Contrairement aux autres mammifères qui nourrissent leurs petits par des **seins**, le platypus “transpire” son lait, le faisant secréter par la peau de son ventre pour que ses petits puissent en boire. Cette méthode expose les jeunes à des risques extérieurs, rendant nécessaire que le lait possède des **caractéristiques antibactériennes**.
Pour mieux comprendre ce qui confère cette particularité au lait, une équipe de chercheurs de l’**Organisation Scientifique et Industrielle du Commonwealth Australien** (CSIRO) et de l’**Université Deakin** a entrepris de reproduire une de ses protéines en laboratoire.
En analysant la **structure de la protéine**, ils ont été surpris de découvrir quelque chose de tout à fait **unique**. Son repliement tridimensionnel ressemblait à une **boucle**, ce qui a conduit l’équipe à la nommer **”Shirley Temple”**, en référence aux cheveux bouclés de l’actrice.
Les scientifiques estiment que cette structure atypique pourrait servir à développer de nouveaux traitements pour lutter contre les superbactéries. Ils recherchent des collaborateurs pour approfondir leurs recherches afin de faire avancer la mise sur le marché d’un nouvel antibiotique.
Il est impératif d’agir rapidement.
FAQ
Qu’est-ce qui rend le platypus unique parmi les mammifères ?

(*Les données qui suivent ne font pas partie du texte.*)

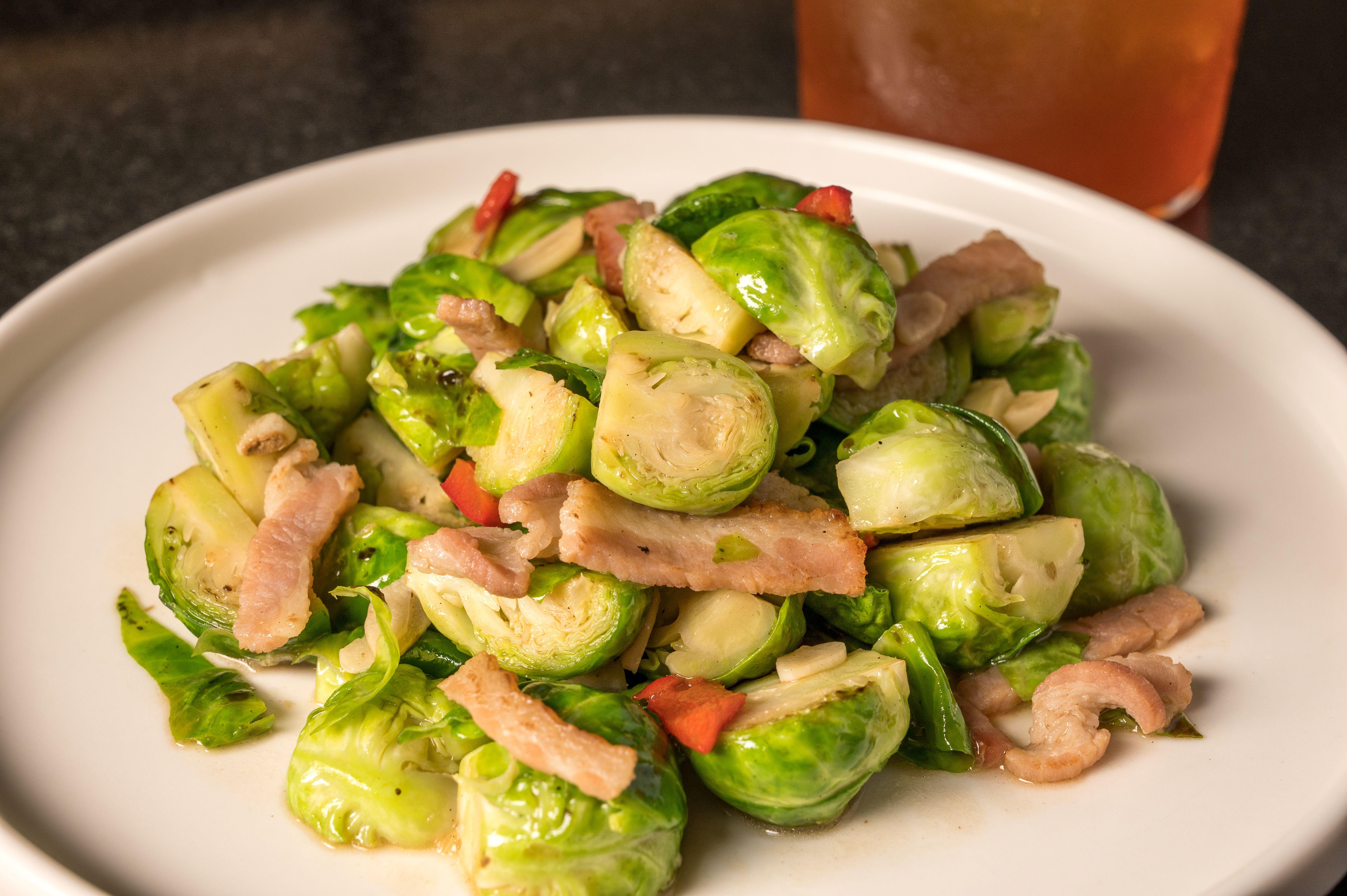 Stir-Fried Brussels Sprouts with Garlic.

Le platypus est unique car il est l’un des rares mammifères qui pondent des œufs. De plus, il possède des caractéristiques atypiques telles que des pattes venimeuses et un bec ressemblant à celui d’un canard.
Quelles autres spécificités sur la résistance aux antibiotiques devraient être connues ?

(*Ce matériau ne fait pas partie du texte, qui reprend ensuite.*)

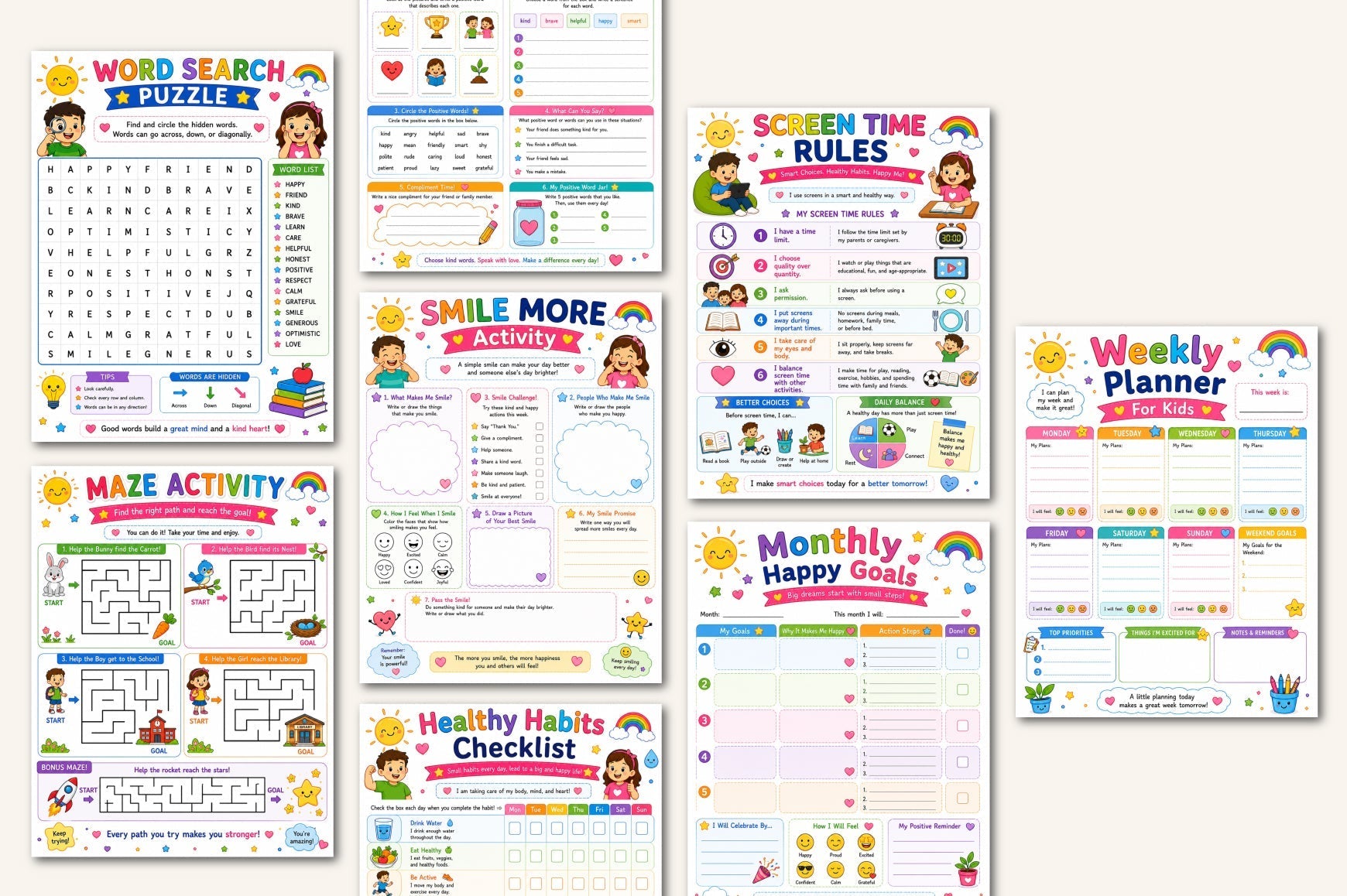 Happy Hearts For Kids Planner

La résistance aux antibiotiques est un problème mondial croissant, qui entraîne des complications dans le traitement des infections courantes. Cela nécessite une recherche continue pour développer de nouveaux médicaments et thérapies.

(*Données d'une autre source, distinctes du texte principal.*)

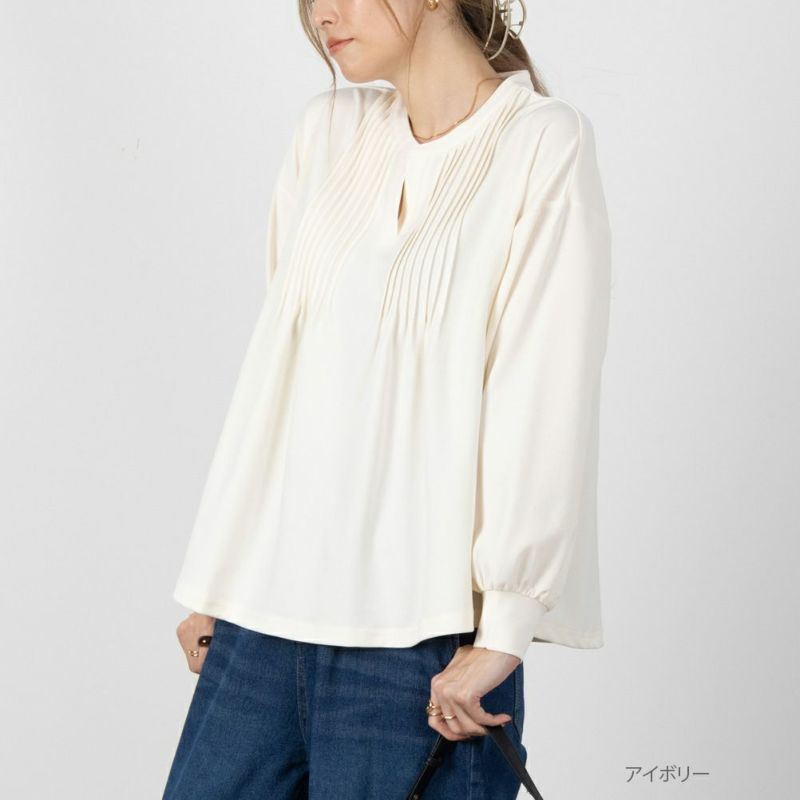 NAVY  梨地ストレッチピンタックプルオーバー レディース商品画像-2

Comment le lait de platypus est-il utilisé dans la recherche ?
Le lait de platypus est étudié pour isoler ses propriétés antibactériennes, dans l’espoir que ces découvertes puissent mener à des avancées significatives dans la lutte contre les infections résistantes.
Quels sont les risques associés à l’utilisation excessive d’antibiotiques ?
L’utilisation excessive d’antibiotiques peut entraîner la mutation des bactéries, rendant certains traitements obsolètes et augmentant le nombre de superbactéries qui sont plus difficiles à combattre.
Quelles étapes suivent les chercheurs une fois une nouvelle protéine découverte ?
Une fois qu’une nouvelle protéine est identifiée, les chercheurs travaillent souvent à comprendre sa structure et ses fonctions, en s’efforçant de créer des traitements synthétiques basés sur ces nouveaux composants biologiques.